"While some leaders kick down and kiss up, Jack did just the opposite."
19 Jan, 2019FORTUNE.COM
To Paul Haaga, Jack Bogle displayed an aura of greatness long before he became a legend.
As a 24-year-old MBA/JD student at the University of Pennsylvania in the early 1970s, Haaga by pure happenstance got a part-time job as a law clerk at Wellington Management, a small mutual fund outfit in Philadelphia. Wellington’s president was John C. “Jack” Bogle, the investment legend and founder of the Vanguard Group of low-cost mutual funds, who passed away on Wednesday at age 89.

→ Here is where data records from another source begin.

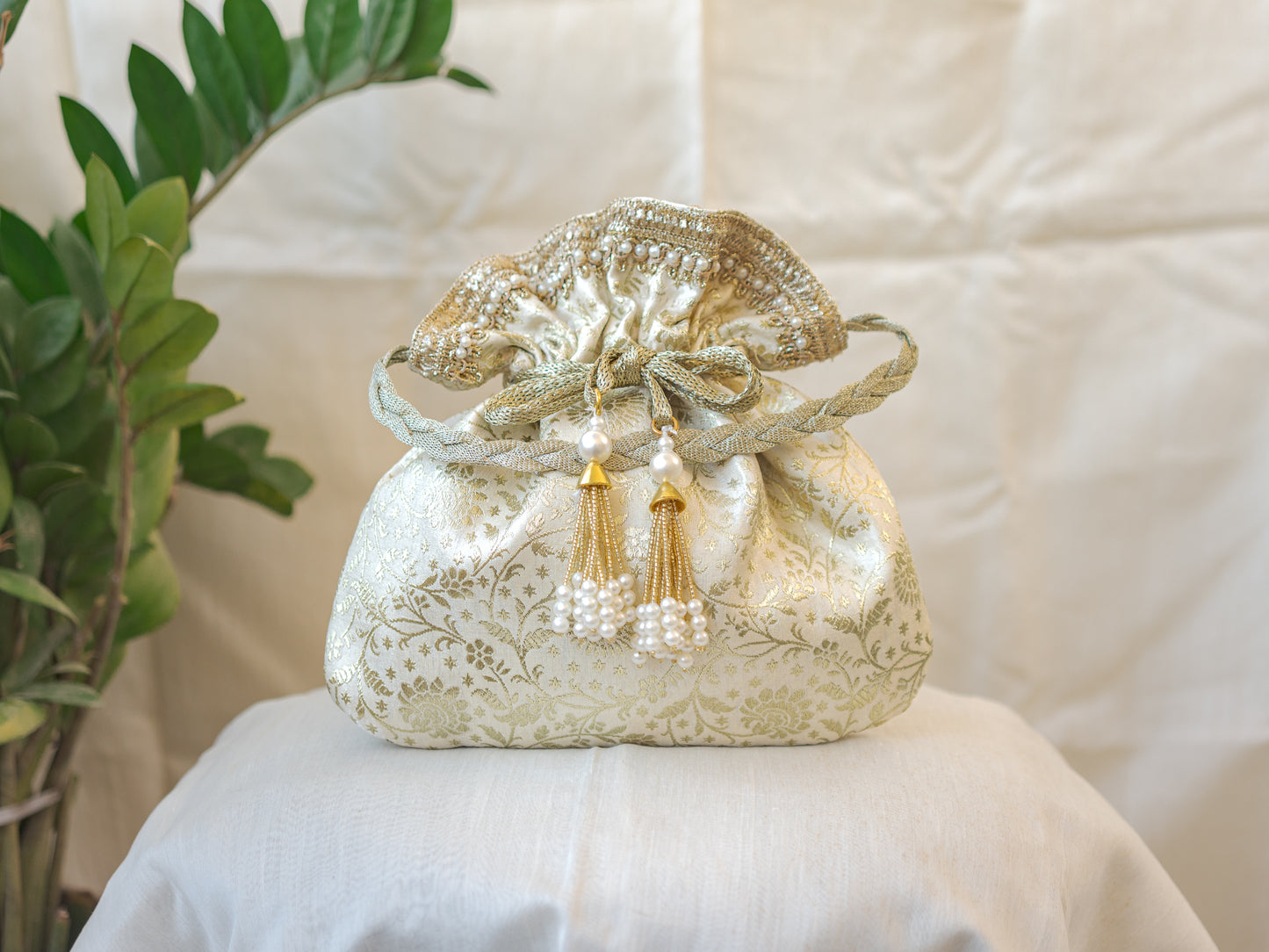 Off White and Golden Banarasi Potli With Pearl Tassels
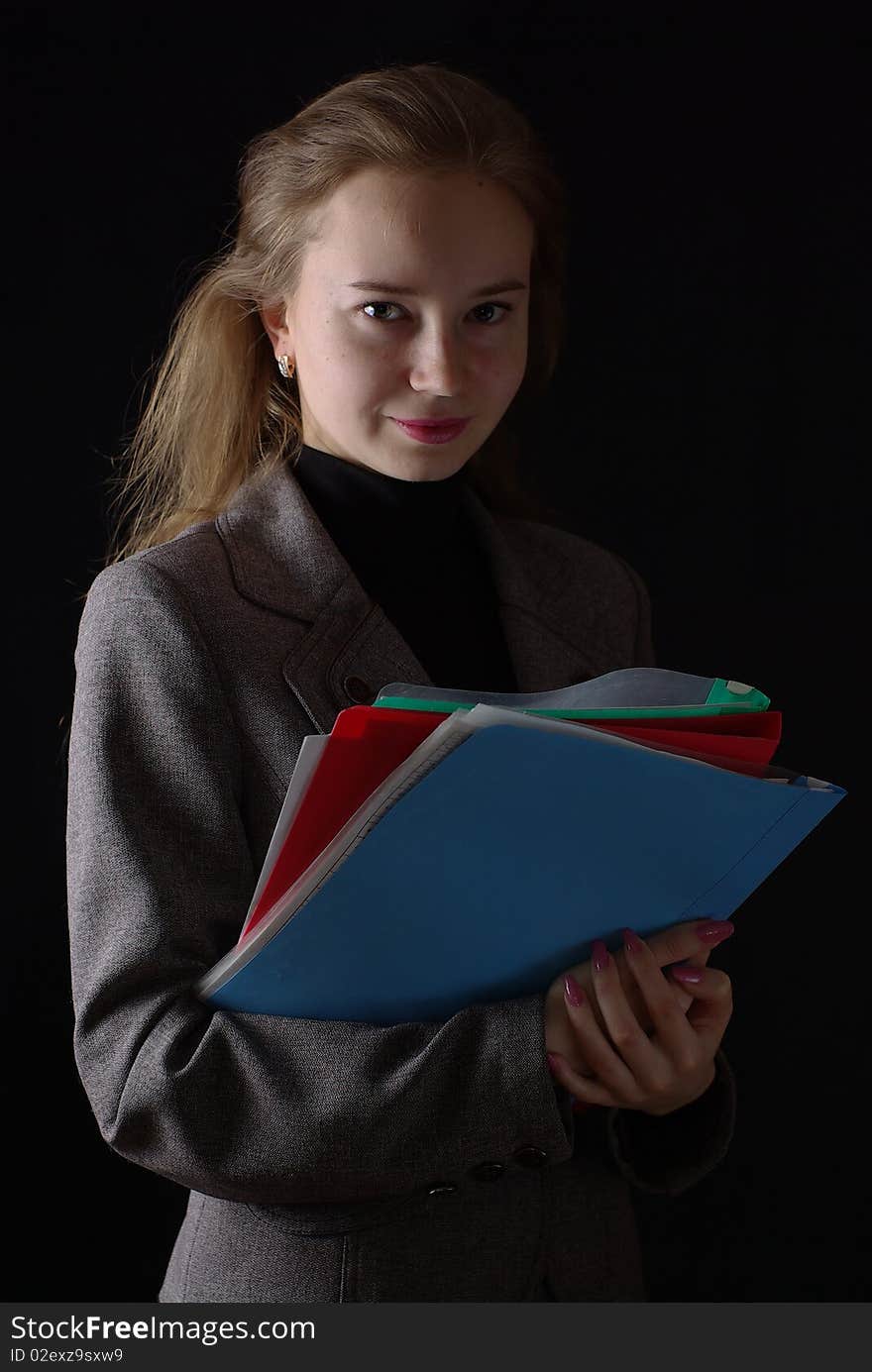 Reading business woman folders on black background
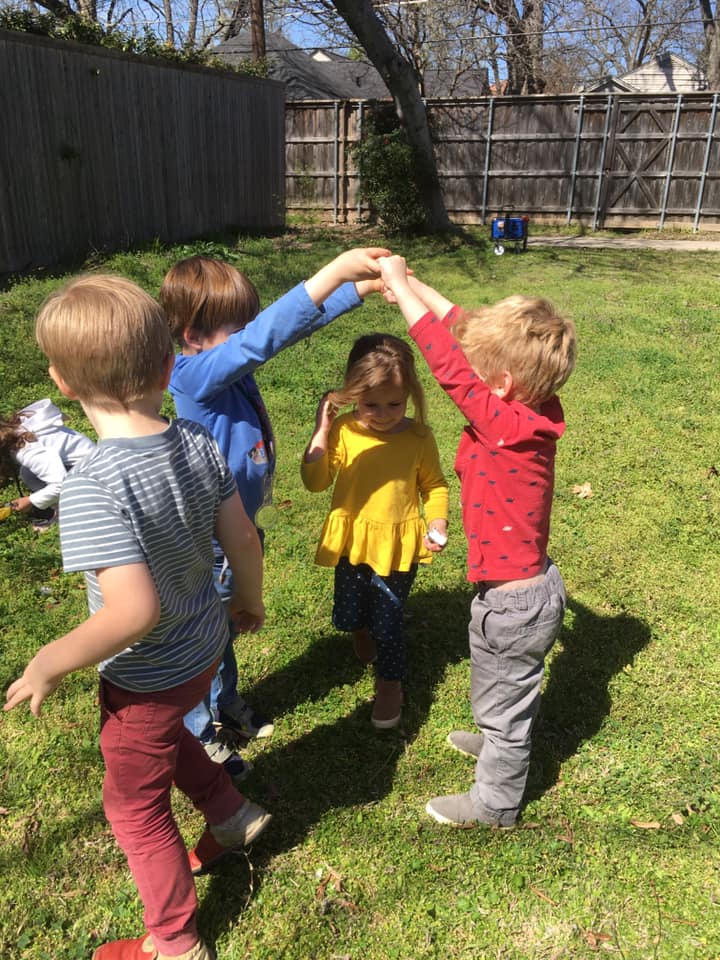 Children playing London Bridge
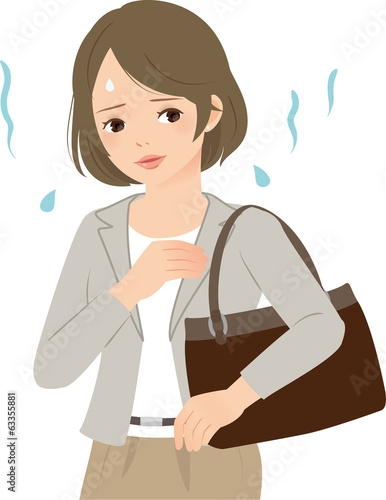 蒸し暑い日に汗や臭いを気にするビジネスウーマン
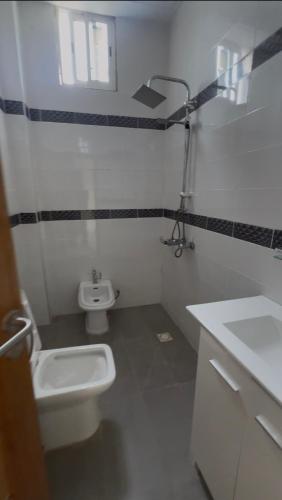 a small bathroom with a toilet and a sink at La résidence des lions in Thiès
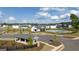 An aerial shot of the community pool, playground, and covered picnic area of this community, surrounded by well maintained homes at 600 Whitman Ln # 2026, Stockbridge, GA 30281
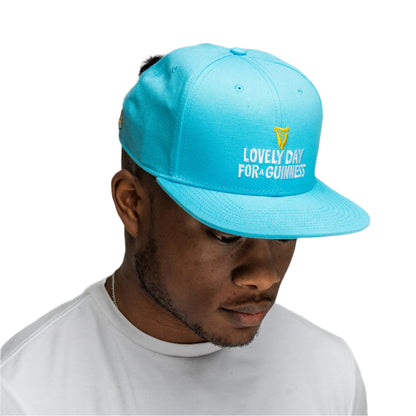 A man wearing the Guinness Seb Curi Lovely Day Flat Brim Cap - Blue from Guinness Webstore US and a white t-shirt looks downward against a plain background.
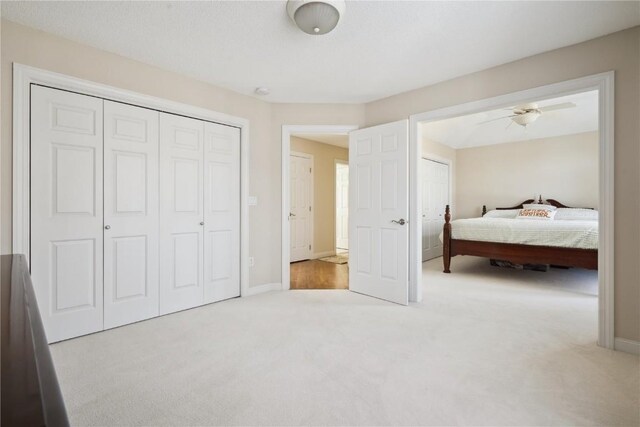 unfurnished bedroom with carpet floors, a closet, and baseboards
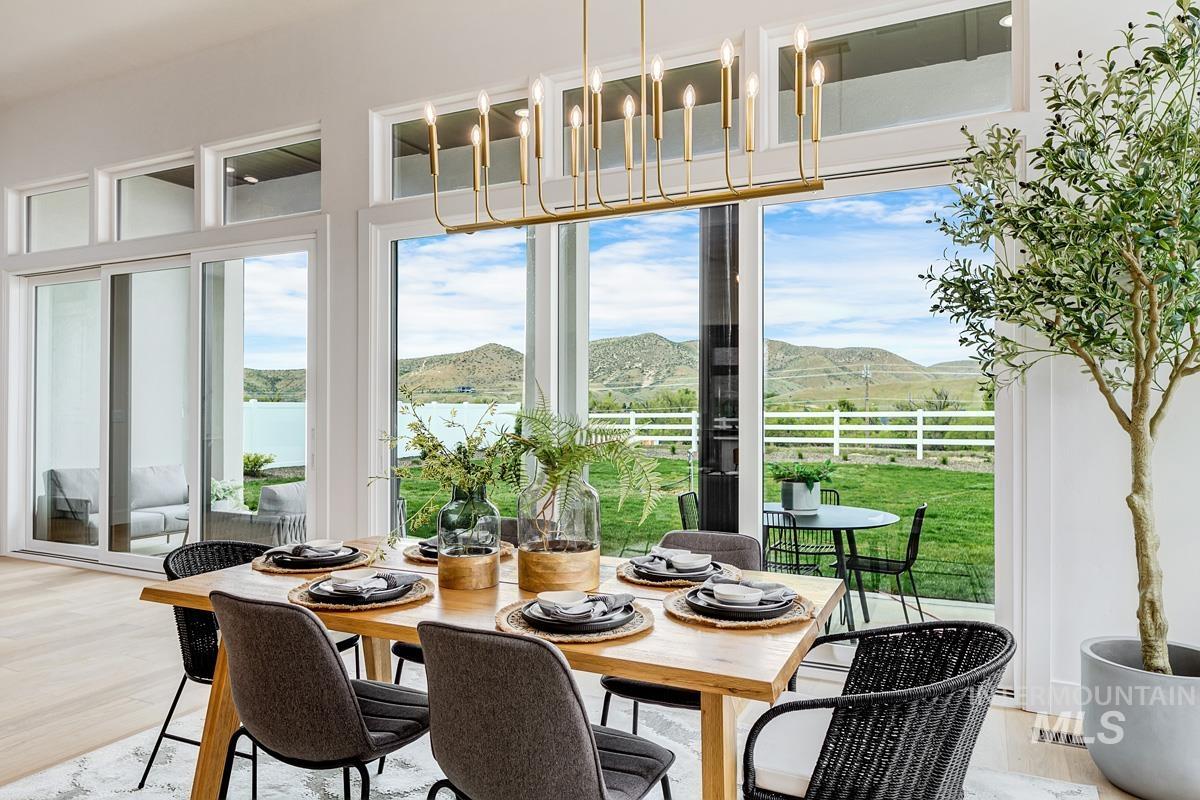 Dining room featuring a mountain view, light wood finished floors, and a chandelier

Since the firm had only a few dozen employees, Haaga spent almost all of his time either in Bogle’s presence, or within hearing distance of the voluble chief. “He had a ‘flat-cut’ when everybody was wearing Prince Valiant haircuts so you couldn’t see their ears,” recalls Haaga. “And he talked slowly in this deep, booming voice. If he whispered in church, you could have heard him on the street. Those traits reflected his personality. He didn’t mind being different or quirky.”
To Haaga, Bogle, then is his mid-40s, boasted both the presence and the people skills, of a natural leader. “He didn’t just fill a room, people would say he owns the room,” says Haaga. “His presence was big but it was ‘positive big.’ While some leaders kick down and kiss up, Jack did just the opposite. He expressed deep interest and concern about his people. He was always joking. He had a bunch of kids, and when he came downtown to work, we were his kids.”
Haaga went on to serve as an attorney at the Securities and Exchange Commission, rise to partner in a prominent Washington, D.C. law firm, and spend 28 years at Capital Research, the sponsor of the huge American Funds mutual fund family (assets under management: $1.9 trillion). He finished his career as Capital’s chairman in 2012. In retirement he serves, among other non-profit positions, on the board of National Public Radio.
In his varied roles, Haaga spent lots of time with his former employer after Bogle founded Vanguard Group in 1974, working with Bogle to promote the mutual fund industry when Haaga served as chairman of the industry association, the Investment Company Institute. Vanguard, of course, became famous for launching low-fee index funds that offered investors access to the wider stock market at a very low cost; it now has more than $5 trillion in assets under management.
For Haaga, Bogle’s contributions to the investment world extend far beyond his role in pioneering passive investing. “Index funds account for maybe 20% of U.S. investments,” says Haaga. “But Jack influenced the way people invest virtually 100% of their money, including their holdings in the actively-managed accounts that Jack criticized.” Bogle exercised that influence in three ways, says Haaga. First, Bogle was one of the first prominent money managers to focus on how much management fees and transaction costs were costing investors. “Commissions, trading costs, costs of every kind have gotten a lot more attention because of Jack,” says Haaga. “Sure, he was pushing his product. But the way he pushed it was by emphasizing its low costs and arguing that the industry needed lower costs on all investments. That approach had a good effect for everyone.”
Second, Bogle was an outspoken advocate of diversification before its advantages were widely understood. Haaga witnessed Bogle’s passion for spreading risk across a broad spectrum of stocks, or blends of equities and bonds, while at Wellington. “Wellington merged with a group from Boston that managed a fund that concentrated narrowly in the ‘nifty fifty,’ glamorous, high-flying growth companies, most of which don’t exist today,” recalls Haaga. But Bogle thought concentrating in hot growth stocks was dangerous for investors. Instead, he promoted “balanced” funds containing a wide mix of stocks and bonds, and income funds consisting of a broad portfolios of dividend stocks. “This was in Jack’s pre-index fund days,” says Haaga. “But you could see that he was already advocating the principles that became the foundation of passive investing.”
Third, Bogle championed investing for the long term. “This went beyond his advocacy for index funds,” says Haaga. “He advised against trying to time the markets. And over the years, that’s been a sound strategy for investors.”
Haaga concedes that Bogle often played the role of a super-brash salesman. “His speeches could be strident,” he says, “They could be called advertisements for his products. But his overall contributions shouldn’t be measured by his speeches. He had a huge impact on the investing public.” And that’s because his influence extended so far beyond the product innovation that made him a legend.